For all the dreams we’ve dreamed
And all the songs we’ve sung
And all the hopes we’ve held
And all the flags we’ve hung,
The millions who have nothing for our pay—
Except the dream that’s almost dead today.

O, let America be America again—
The land that never has been yet—
And yet must be—the land where every man is free.
The land that’s mine—the poor man’s, Indian’s, Negro’s, ME—
Who made America,
Whose sweat and blood, whose faith and pain,
Whose hand at the foundry, whose plow in the rain,
Must bring back our mighty dream again.

Sure, call me any ugly name you choose—
The steel of freedom does not stain.
From those who live like leeches on the people’s lives,
We must take back our land again,
America!

O, yes,
I say it plain,
America never was America to me,
And yet I swear this oath—
America will be!

Out of the rack and ruin of our gangster death,
The rape and rot of graft, and stealth, and lies,
We, the people, must redeem
The land, the mines, the plants, the rivers.
The mountains and the endless plain—
All, all the stretch of these great green states—
And make America again!

Source: The Collected Poems of Langston Hughes, (c. 1926 by Alfred A. Knopf, pub. by Random House, LLC, 1990). Langston Hughes was an important African American voice in the “Harlem Renaissance” of the 1920s. Though well-educated and widely traveled, Hughes’ poetry never strayed far from his roots in the African American community. Early in his career, Hughes’ work was criticized by some African American intellectuals for portraying what they viewed as an unflattering representation of back life.

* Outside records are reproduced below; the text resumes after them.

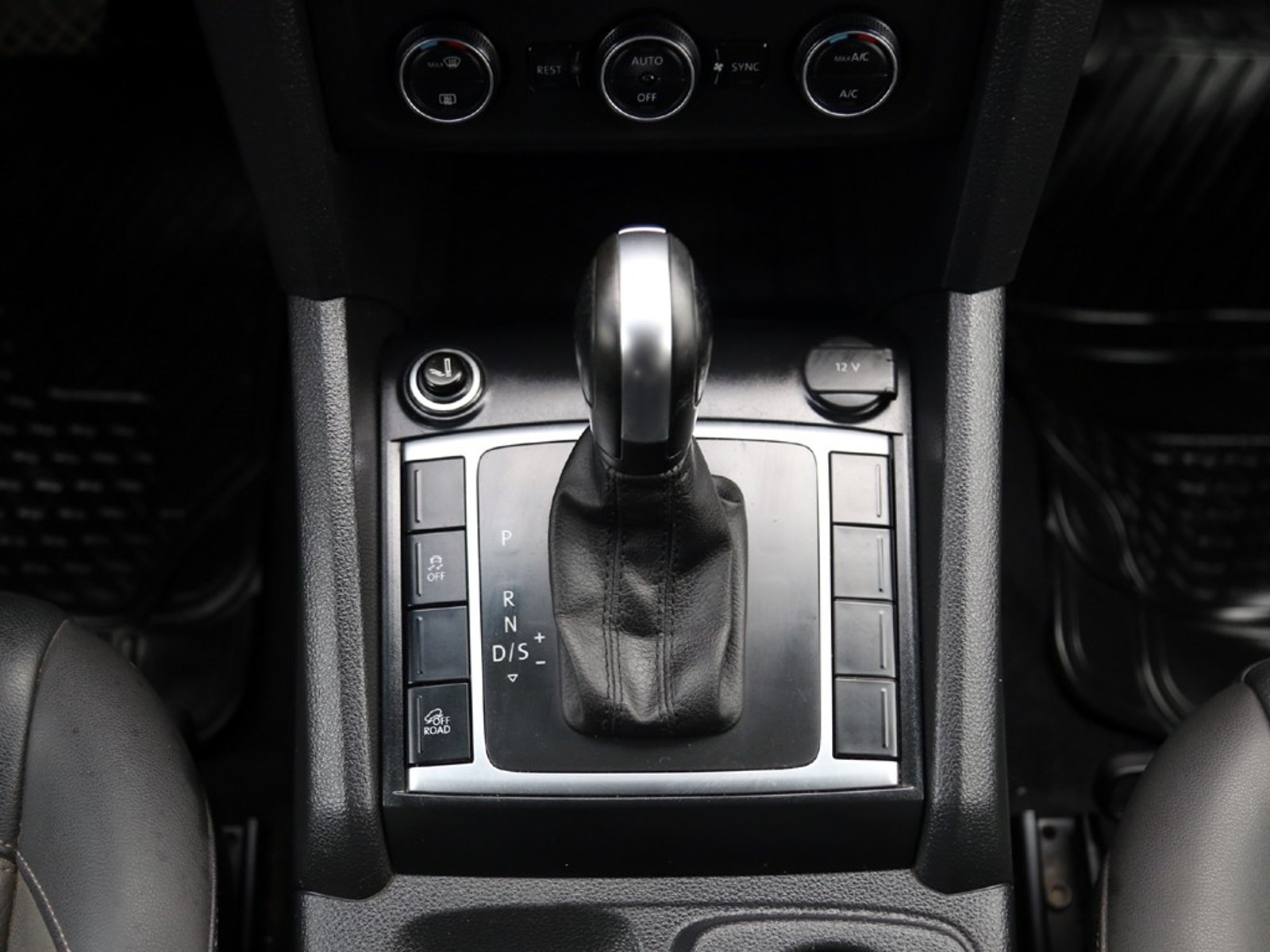 Volkswagen AMAROK HIGHLINE  2.0 AT 4X4 2023 - Imagen 18 de 20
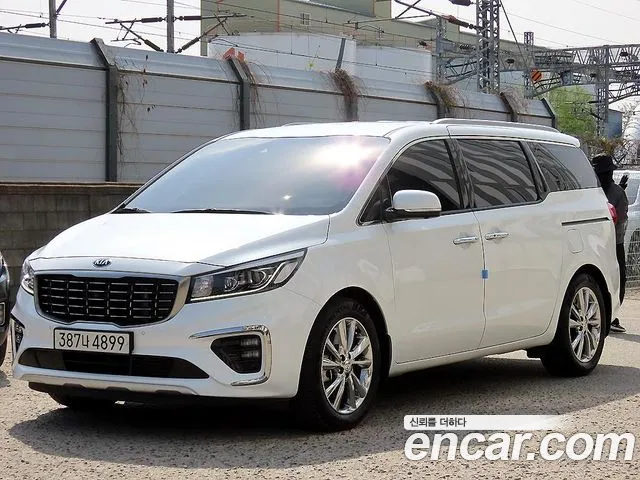 Kia The New Carnival 9 Noblesse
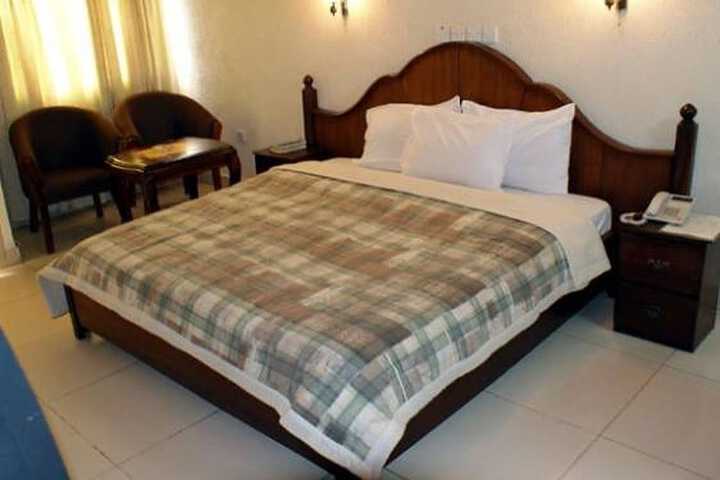 Room 5 of 16
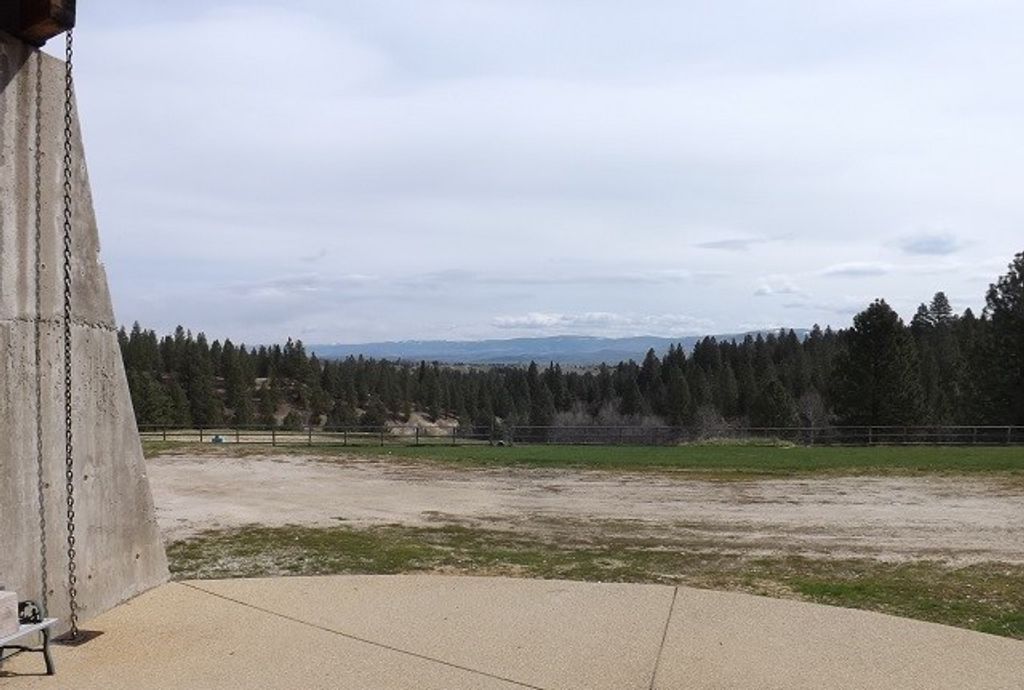 Image 17 of property listing at 1179 Garden Place, Hamilton, MT 59840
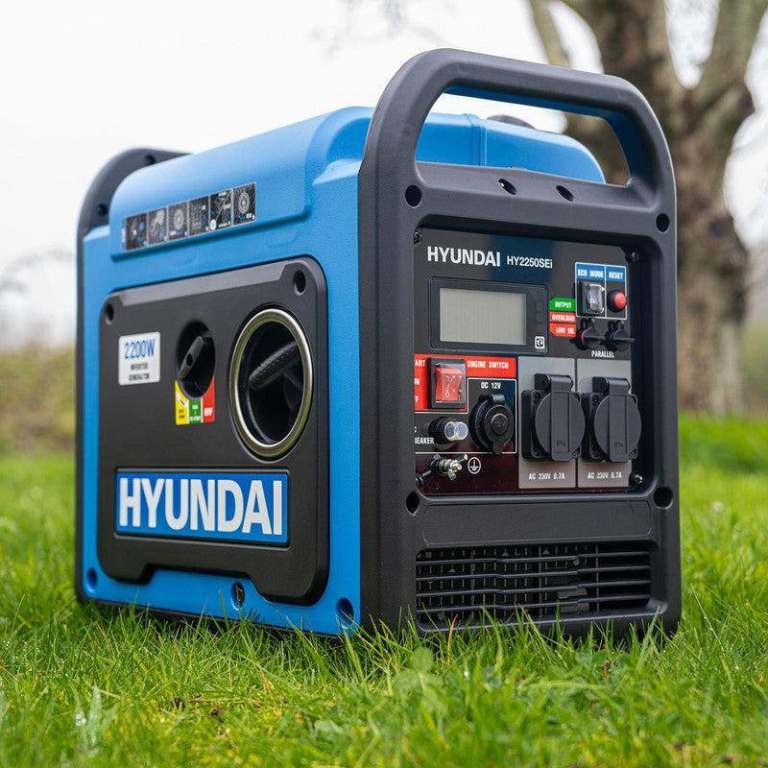 Hyundai HY2250SEI Petrol Inverter Generator Portable Pure Sine Wave 2.2kW 2 year warranty still left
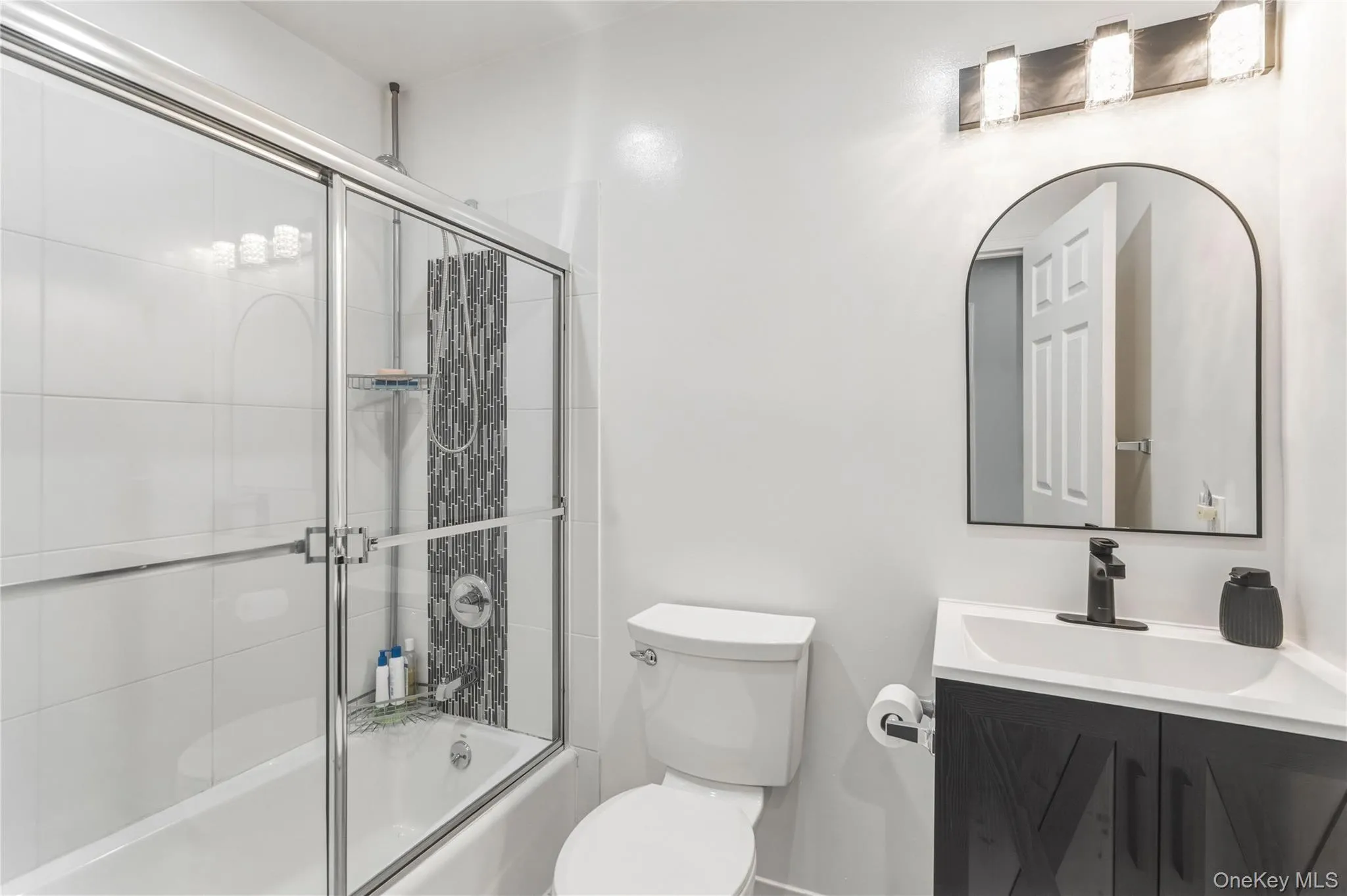 3 Blueberry Court, Huntington, NY, 3 Bedrooms Bedrooms, 7 Rooms Rooms,2 BathroomsBathrooms,Residential,For Rent,Blueberry,0,1014108 3 Blueberry Court, Huntington, NY, 3 Bedrooms Bedrooms, 7 Rooms Rooms,2 BathroomsBathrooms,Residential,For Rent,Blueberry,0,1014108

In a response to these critics, Hughes replied, “I didn’t know the upper class Negroes well enough to write much about them. I knew only the people I had grown up with, and they weren’t people whose shoes were always shined, who had been to Harvard, or who had heard of Bach. But they seemed to me good people, too.”  Today Langston Hughes is recognized globally as a towering literary figure of the 20th Century. You can read more about Hughes and discover more of his poetry at the Poetry Foundation website (from which the above quote is taken).

 

[1] Yes, there are many police officers who serve with honor and distinction. I am not suggesting that all police officers are racist. But I think it would be more accurate to say that these officers represent “good apples” working within and often against a culture of racial profiling and oppression.